He sits between 90-92 with his four-seam fastball, acting as a pitch that he can confidently throw for a strike and set up the slider down and away. His cutter is a weapon against left-handed hitters who are far less susceptible to the large horizontal movement of a sweeper, generating soft contact and called strikes. Greene won’t light up the velocity charts, but he certainly possesses a pitch mix that works well with what the Yankees like to do as an organization. The Yankees have an infrastructure in place with their development that emphasizes sliders, and the numbers reflect that.
The Yankees were 2nd in MiLB slider usage rate, and they’ve made this pitch a point of emphasis with the organization. I imagine they’re happy to see Greene back in the organization because of his slider-centric profile, but more importantly, because they’ve suffered a plethora of injuries on the pitching side of the ball and need as much depth as possible. Zach Greene is entering his age 26 season as well, so he has an added incentive to break through during this season and try to establish himself at the Major League level. 2023 will serve as a huge year for the righty, even if it’s an audition for other teams that could try to acquire him.

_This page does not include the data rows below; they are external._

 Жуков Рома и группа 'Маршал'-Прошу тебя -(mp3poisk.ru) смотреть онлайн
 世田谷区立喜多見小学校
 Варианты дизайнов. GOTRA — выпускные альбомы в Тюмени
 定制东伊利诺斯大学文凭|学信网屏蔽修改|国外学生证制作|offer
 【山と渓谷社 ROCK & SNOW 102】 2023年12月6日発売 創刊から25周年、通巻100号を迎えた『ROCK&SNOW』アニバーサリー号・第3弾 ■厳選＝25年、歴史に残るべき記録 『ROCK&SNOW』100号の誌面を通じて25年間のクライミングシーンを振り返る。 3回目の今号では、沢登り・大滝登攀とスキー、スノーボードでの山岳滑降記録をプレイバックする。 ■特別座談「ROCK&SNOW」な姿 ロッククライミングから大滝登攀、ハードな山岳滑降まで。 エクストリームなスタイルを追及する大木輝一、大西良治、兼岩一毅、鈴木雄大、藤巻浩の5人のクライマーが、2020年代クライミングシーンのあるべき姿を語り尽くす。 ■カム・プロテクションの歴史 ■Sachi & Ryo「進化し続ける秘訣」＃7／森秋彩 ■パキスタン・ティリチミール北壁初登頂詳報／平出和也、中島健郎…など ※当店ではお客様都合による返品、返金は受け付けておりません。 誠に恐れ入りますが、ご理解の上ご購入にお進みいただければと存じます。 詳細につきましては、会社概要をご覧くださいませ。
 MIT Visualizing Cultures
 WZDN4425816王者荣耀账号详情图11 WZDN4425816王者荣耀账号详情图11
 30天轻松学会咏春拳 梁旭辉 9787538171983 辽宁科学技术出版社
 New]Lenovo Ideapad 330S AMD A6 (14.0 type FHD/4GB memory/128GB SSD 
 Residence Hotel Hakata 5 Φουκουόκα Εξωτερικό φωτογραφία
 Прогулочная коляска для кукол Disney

Greene possesses a career 35.5% K% and 3.08 ERA in his MiLB career with the Yankees, so it’s now a matter of finding his footing at the MLB level. He also provides a multi-inning option if need be, tossing 12 outings of at least two innings pitches. The Yankees certainly could look at Greene mid-season if they need help, and while he isn’t on the 40-Man Roster, an impressive Triple-A campaign could change things. Injuries are a constant, and depth is a necessity at all times when it comes to your bullpen. If Greene improves on his 2022 campaign at Triple-A, he could create a reason to make room on the 40-Man Roster, similarly to how Greg Weissert did.
It remains to be seen how the Yankees bullpen will shape out, but getting depth back in the form of a Triple-A reliever with plenty of MiLB success is certainly welcomed.